Both of those views have their appeal, and they remain in tension. It seems a worthy pursuit to narrow the distance between ourselves and truth, or perfection. That would seem to entail trying to eliminate errors; but “to believe we can eradicate error, we must also believe that we can consistently distinguish between it and the truth–a faith squarely at odds with remembering that we ourselves could be wrong. Thus the catch-22 of wrongology: in order to get rid of error, we would already need to be infallible.” Or else, inevitably, we’d commit new errors in the process.
Modern science, since the seventeenth century or so, has turned that likelihood into a tool for truth-seeking. “These thinkers [Michel de Montaigne and René Descartes] weren’t nihilists, nor even skeptics. They believed in truth, and they wanted to discover it. But they were chastened by the still-palpable possibility of drastic error, and they understood that, from a sufficiently distant vantage point, even their most cherished convictions might come to look like mistakes.” The scientific method, the practice of devising testable hypotheses and testing them, has brought the search for truth a very long way.
Soon enough, Schulz comes down from these dizzy conceptual heights. She tells stories from all over the map, about people who have made life-changing mistakes; or rather, had their lives changed by understanding themselves to have been mistaken. (‘I was wrong’ is a common enough sentence; ‘I am wrong’ is almost unheard of.) Some cases are rare, like the Klansman who recognized that his perceived adversary had all the same problems he had; others are as ordinary as a divorce lawyer’s waiting room.

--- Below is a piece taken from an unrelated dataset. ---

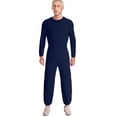 thumbnail image 1 of CHICTRY Combinaison Adaptative pour Hommes Manches Longues Poignets Élastiques Combinaison Anti-Rayures Col Rond Justaucorps d'Infirmière Bleu Foncé TG, 1 of 5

This is really my kind of book: abstract, extensive, and wise. How about this: “When Socrates taught his students, he didn’t try to stuff them full of knowledge. Instead, he sought to fill them with aporia: with a sense of doubt, perplexity and awe in the face of the complexity and contradictions of the world. If we are unable to embrace our fallibility, we lose out on that kind of doubt.” Allow me to wish you a life of doubt, perplexity and awe.